Katie Kitamura non manca il coraggio di riesumare uno stereotipo culturale radicato nell’immaginario coloniale anglosassone che, da tempi immemori, si appropria degli spazi mediterranei e orientali per risolvere dilemmi squisitamente domestici. Il velo di falsità e connivenze che avvolge un’unione priva di intimità, e che l’Inghilterra protegge con eleganza ipocrita, la Grecia scoperchia con la violenza della fatalità tragica. Benché poco originale, dunque, la geografia delle passioni disegnata dal romanzo trova la sua ragion d’essere proprio nell’evocazione di una memoria letteraria di lungo e onorato corso.

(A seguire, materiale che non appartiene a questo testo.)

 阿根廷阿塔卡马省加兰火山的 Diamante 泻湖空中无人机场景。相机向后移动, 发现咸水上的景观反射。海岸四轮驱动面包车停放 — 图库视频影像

L’aspetto meno convincente di Una separazione riguarda lo statuto della voce narrante, che oscilla tra la reticenza e la garrulità, tra curiosità morbosa e toni epigrammatici, e suona oltremodo autocompiaciuta. Katie Kitamura mette la narratrice in posa e le fa tessere un racconto accostabile a un parossistico selfie. L’effetto complessivo può risultare irritante, ma è innegabilmente in sintonia col narcisismo dei tempi.